Buzullar eriyor, seller, kuraklıklar, orman yangınları sonucu yaşam alanlarımız
olumsuz etkileniyor. Küresel kapitalizmin doymak bilmeyen kar hırsı yüzünden,
ormanlarımız, kıyılarımız, milli parklarımız, akarsularımız, tarım
arazilerimiz, yaban hayatı koruma geliştirme sahalarımız, meralarımız,
yaylalarımız pazarlanacak meta olarak görülüyor” dedi.
‘ANTALYAHEPİMİZİN’ PANELİ
Antalya
Yaşam Savunucuları, son 47 yılın en sıcak mevsimini yaşayan Türkiye’de başta su
kaynaklarının kuruması olmak üzere dalında kuruyan meyve bahçeleri, yeterli
yağış alamadığı için verimi düşen buğday tarlaları gibi hepimizi etkileyen bir
iklim dönüşümü yaşandığını ifade ettiler. Bu yaşanacakların bilinci ile 20
Ocak, 2018’de düzenlenen ‘Antalya Hepimizin Paneli’ düzenlendiği belirtilen
yazılı açıklamada, yetkililere şu mesajların verildiği hatırlatıldı: “Kırkgöz
başta olmak üzere su kaynaklarımız, ormanlarımız, derelerimiz, sulak alanlarımız ,
yaylalarımız, sahillerimiz, kıyılarımız, denizlerimiz başta olmak üzere yaşam
alanlarımızın plansız yapılaşmaya açılması ile yukarıda saydığımız
değerlerimizi büyük bir hızla kaybediyoruz. Antalya’mız iklim değişikliğinden
payına düşeni alıyor.”
BETONLAŞMA
KALKINMA KRİTERİ OLAMAZ
Dünya
üzerinde kalkınmanın, gelişmenin kriteri ‘Betonlaşma” olamaz, olmamalıdır.

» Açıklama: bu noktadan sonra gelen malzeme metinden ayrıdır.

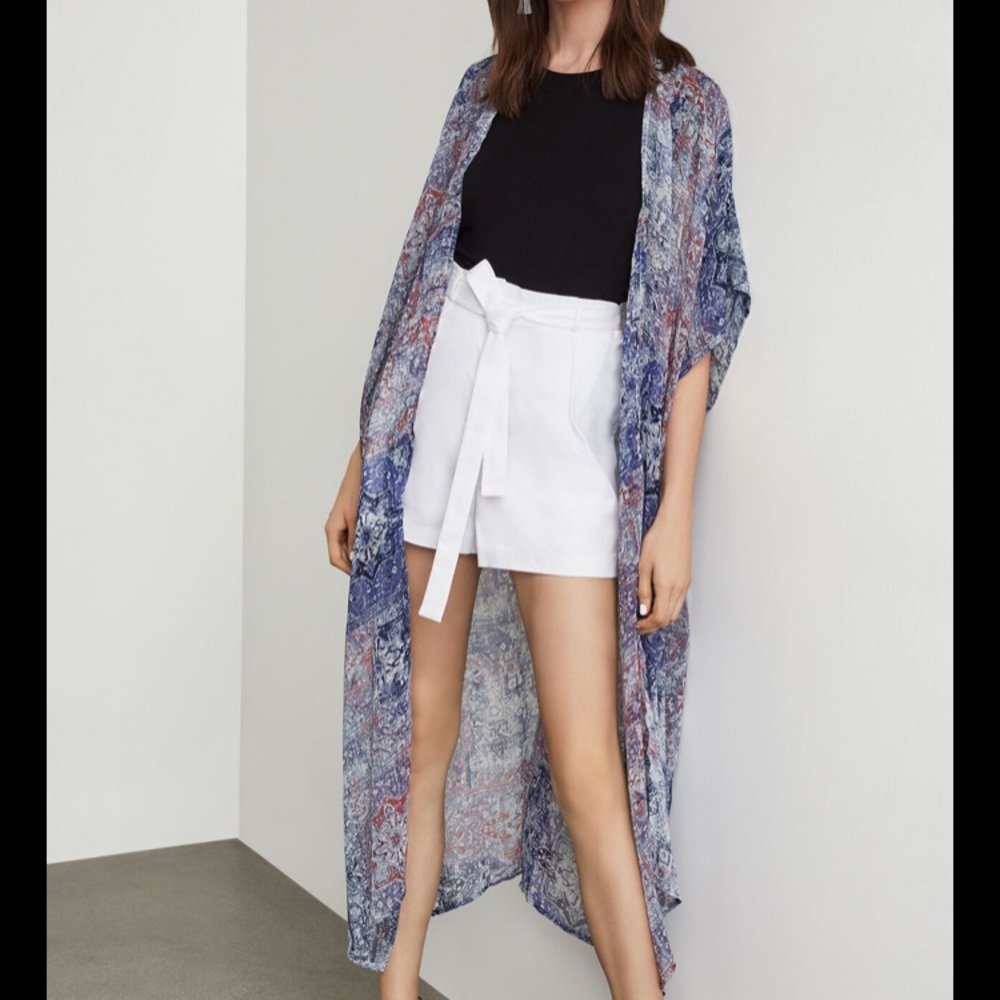 BCBGeneration Blue Flowy Kimono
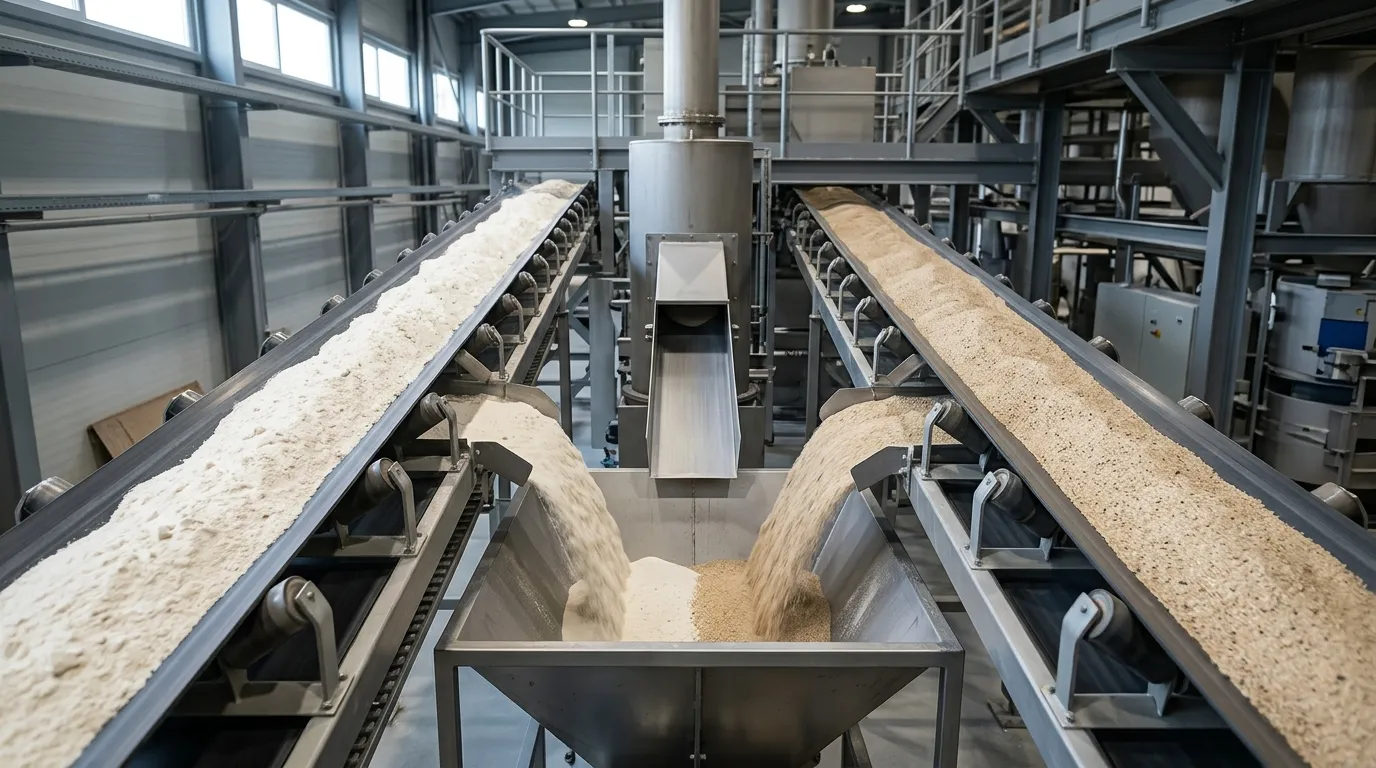 Soda ash and silica sand shown as separate raw materials for sodium silicate production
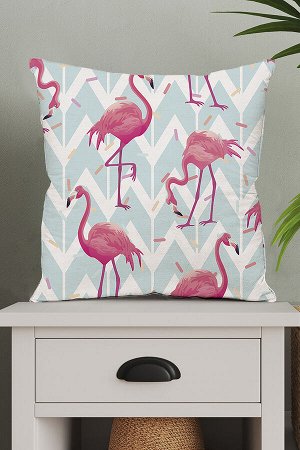 Подушка декоративная, ткань смесовая, Фламинго, арт 4052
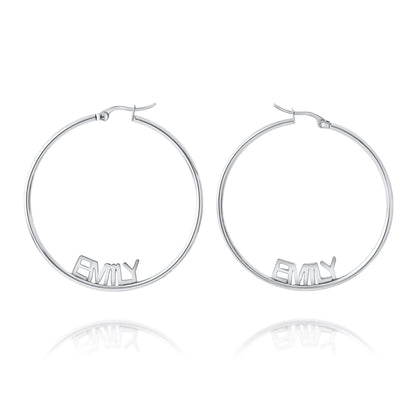 Personalized Closed Hoop Earrings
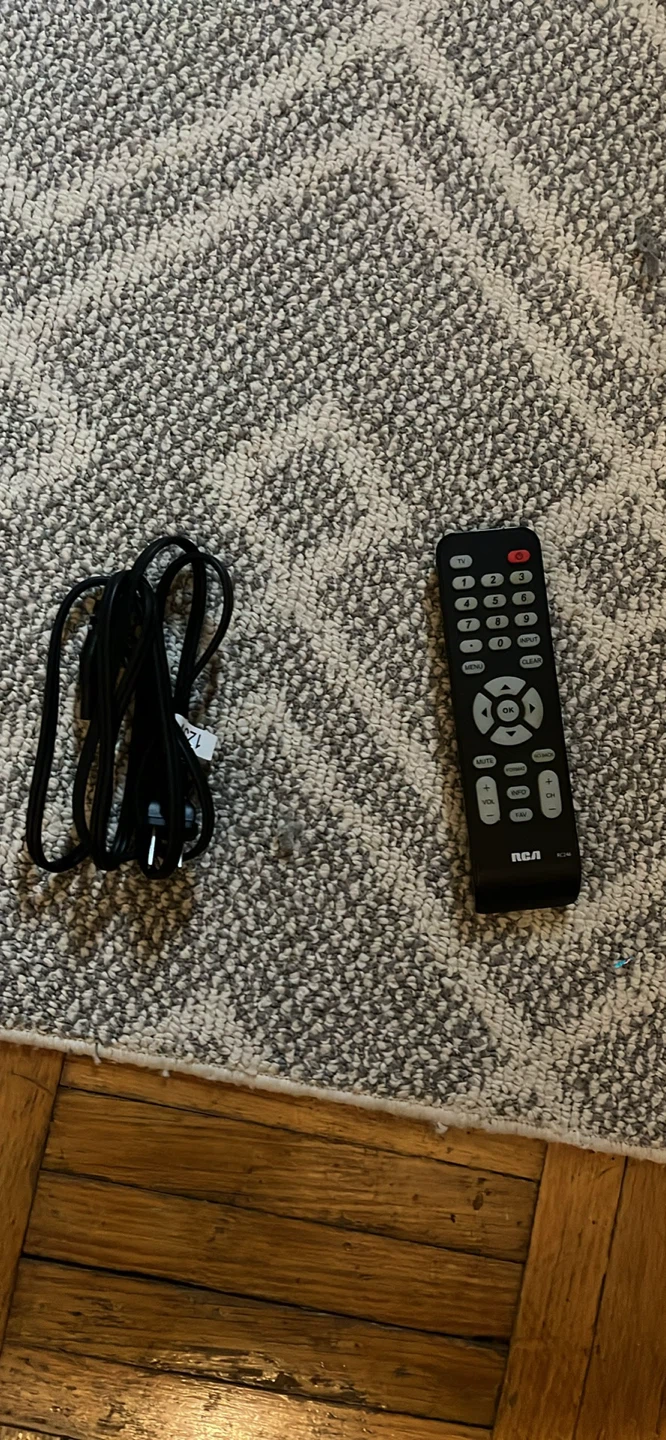 RCA TV with Remote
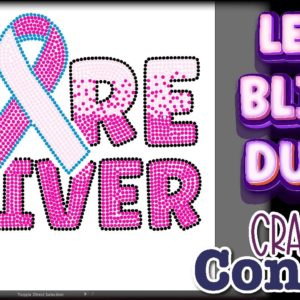 Crafts & Convos | Bling Breast Cancer Shirt | Hotfix Rhinestone Design Class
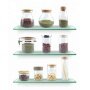hot sale glass storage jar with beech lid,glass storage jar with lid,glass storage jar wooden lid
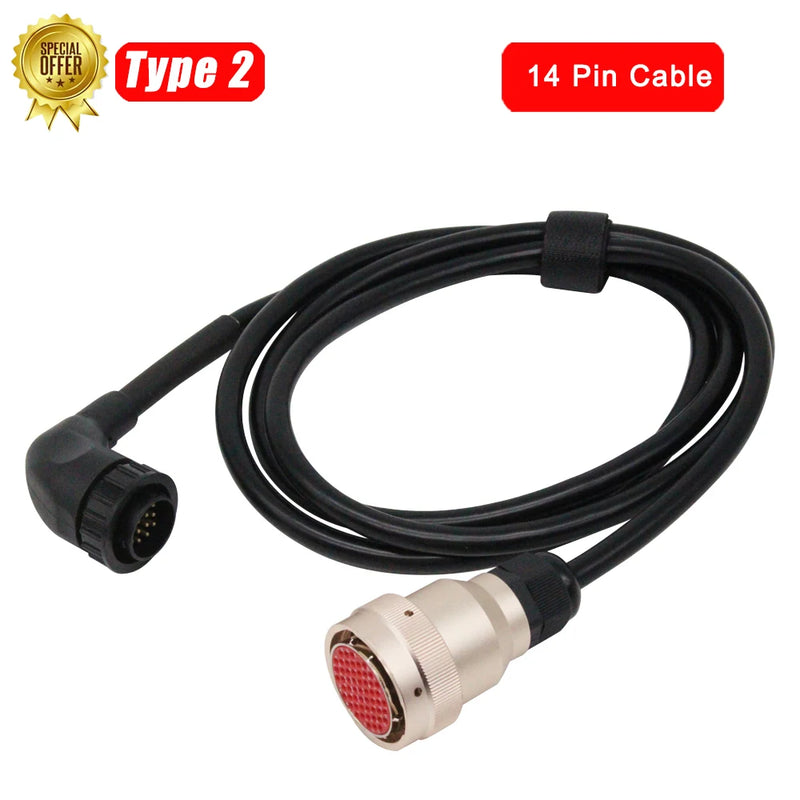 MB Star C3 OBD2 16Pin Cable RS232 to RS485 Cable 38PIN Cable 14PIN  4PIN Adapter for Car Truck Diagnostic Connection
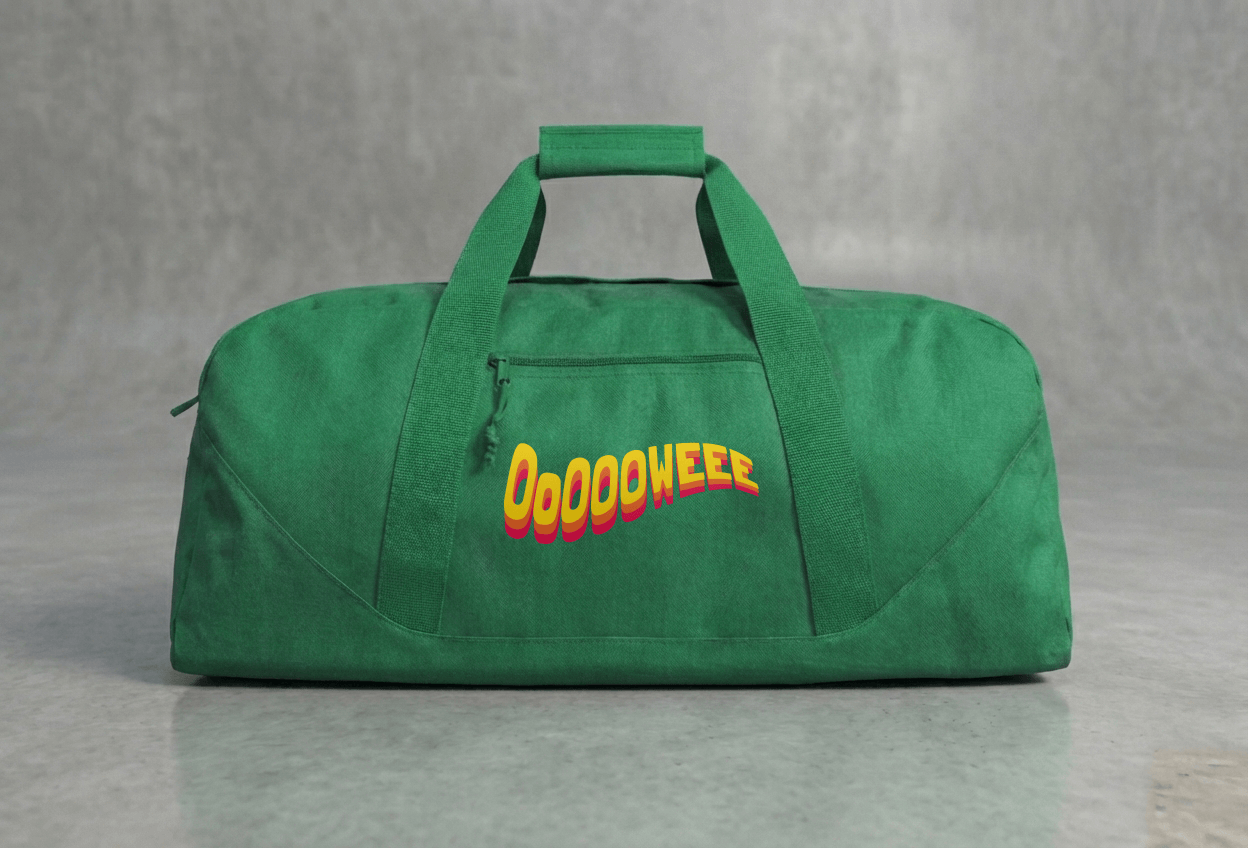 Oooweeee Large Gym Duffel Bag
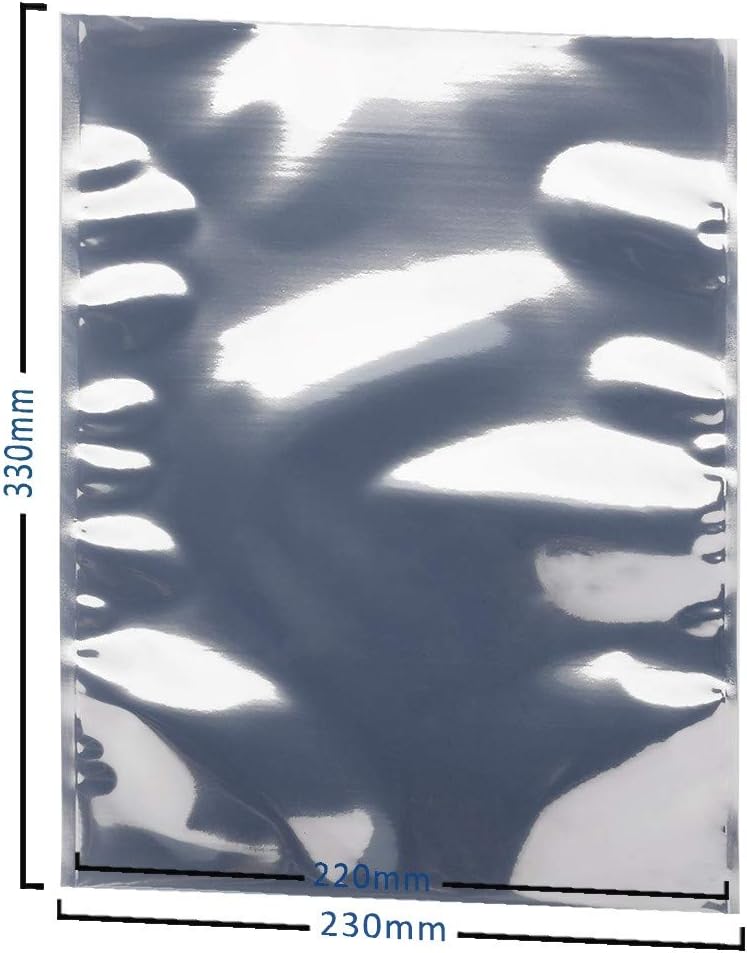 New Lon0167 100 Pcs Featured 13"x9.1" 330x230mm Flat reliable efficacy Open Top Anti-Static Shielding Bag for HDD And Electronic Device(id:b37 cd e6 ffb)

Birinci öncelik yaşam alanlarını ve ekolojik dengeyi korumak olmalıdır. Yerel
yönetimler iklim değişikliğine sebep olan etmenleri ortadan kaldırmakla
yükümlüdürler. Halkın ve çevrenin sağlığını korumak, doğal ve
kültürel güzellikleri gelecek kuşaklara bozulmadan aktarmak
zorunluluktur. Yerel yöneticiler, ‘Ben yaptım oldu” zihniyetini terk edip, bilim
insanlarının, meslek örgütlerinin, derneklerin, hareketlerin. Bu konulardaki
görüşlerini dikkate almalı. Yeni yapılacak binalarda güneş enerjisinden kendi
enerjisini üretebilen bir sisteme geçilmelidir. Binalarda güneş enerji
panelleri sistemine geçiş için imar yönetmeliklerinde gerekli düzenlemelerin
yapılması da elzemdir. “
BOĞAÇAY PROJESİ İPTAL EDİLMELİDİR
“Başta
Kırkgöz olmak üzere, İbradı’da Karamıklı Yaylası'nda Sülek su kaynaklarının
dibinde sedir ormanlarının ve kardelenlerin yaşadığı yerde mermer ocağı
açılmasına izin vererek tüm su kaynaklarımızın kurutulmasına, kirletilmesine
neden olan projeler iptal edilmelidir.
İçme ve kullanma su kaynaklarının bulunduğu havzalar imara açılmamalıdır. Düdenlerin
mutlak koruma sınırlarının kaldırılması gibi kararlar iptal edilmelidir. Antalya
ve birçok ilde yaşam alanlarını olumsuz etkileyecek HES projeleri iptal
edilmelidir. Düzlerçamı ormanları ve Güver Kanyonu alageyiklerin ana yurdu
olarak kalmalıdır. Boğaçay projesi, Lara Kruvaziyer liman projesi iptal
edilmelidir. Antalya’nın sedir ormanlarını yok eden mermer ve taş
ocakları iptal edilmelidir.” (Haber
Merkezi)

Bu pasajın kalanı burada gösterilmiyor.